Unique Situations
Some home buyers fall into a gray area that will cause a lender to reject the loan, require additional information to approve it, or modify the terms. Many special circumstances are indeed circumstantial; perhaps you have been at your current job for less than a year, show a few late payments on your credit report or are self-employed.
Here are tips on dealing with the following special mortgage loan situations:
- A problem appraisal
- Buying a condominium or town house
- "No-doc" or "low-doc" loans
- Flawed credit
A problem appraisal
Sometimes the property is appraised for less than you have agreed to pay for it. This can create problems, especially if your down payment is small and the appraised value falls below the amount that you want to borrow.
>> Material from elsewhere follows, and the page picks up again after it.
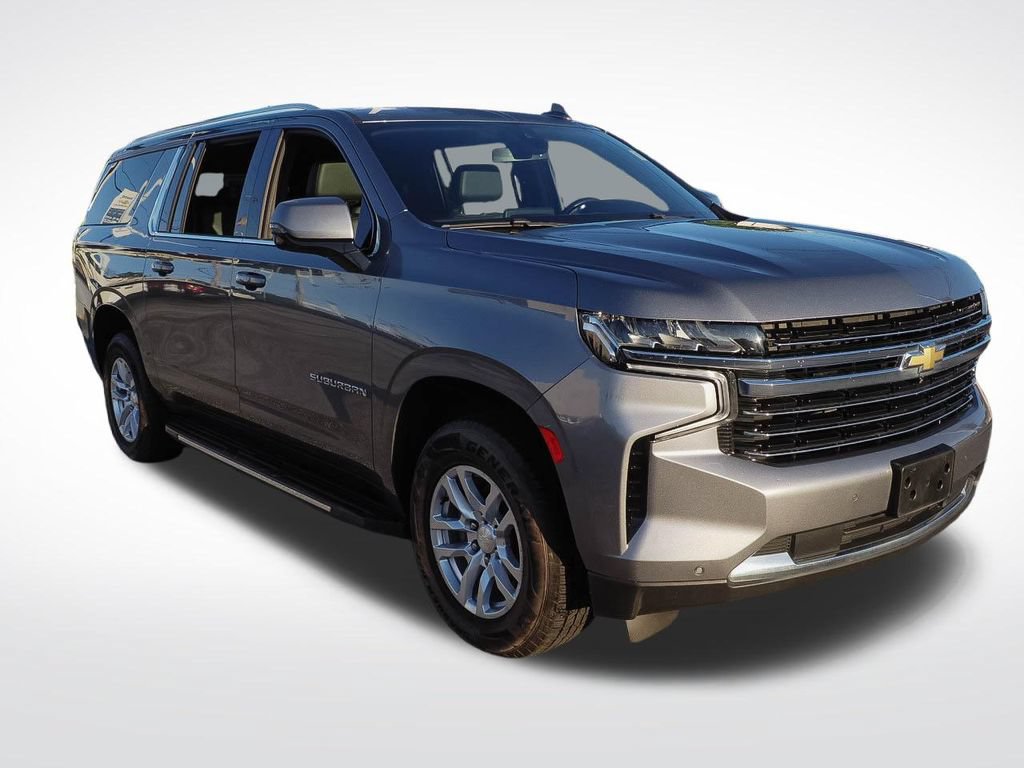 Used 2022 Chevrolet Suburban LT w/ Luxury Package AWD/4WD image 3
If the appraisal falls short of the loan amount, you might have to come up with a larger down payment or renegotiate the sale price before the lender will lend you the money at all. Say, for example, you intend to borrow $97,000 to buy a $100,000 house. But the appraiser says the house is worth $95,000. The lender isn't going to give you a $97,000 loan for a house that's worth $95,000. Either you will have to negotiate a lower price for the house, or you will have to pay the original price but come up with a bigger down payment and borrow less than $95,000.
Buying a condominium or townhouse
When you buy a condominium or townhouse, as opposed to a single-family detached home, you generally receive exclusive ownership of the interior space of your unit and joint ownership of the common areas (walls, grounds, fences, facilities) with the other owners in the complex. In the case of a townhouse, you might also own a backyard and garage.
Your mortgage lender will want to investigate the complex from both a financial and physical standpoint to avoid making a loan on a troubled condominium. Most lenders have a questionnaire that the condo association can complete to help the lender analyze the project and decide whether it is acceptable collateral for a loan. The lender will pay particular attention to these details:
- Percentage of owner-occupied vs. rented units. Most lenders want to see 60 percent or more of the complex owner-occupied.
- Is the construction finished? Most lenders require that it be at least 90 percent complete.
- Adequate insurance coverage, including hazard insurance.
- Acceptable operating budget.
- Competent management.
- Adequate reserves to cover maintenance and major repairs, such as roofing or elevators.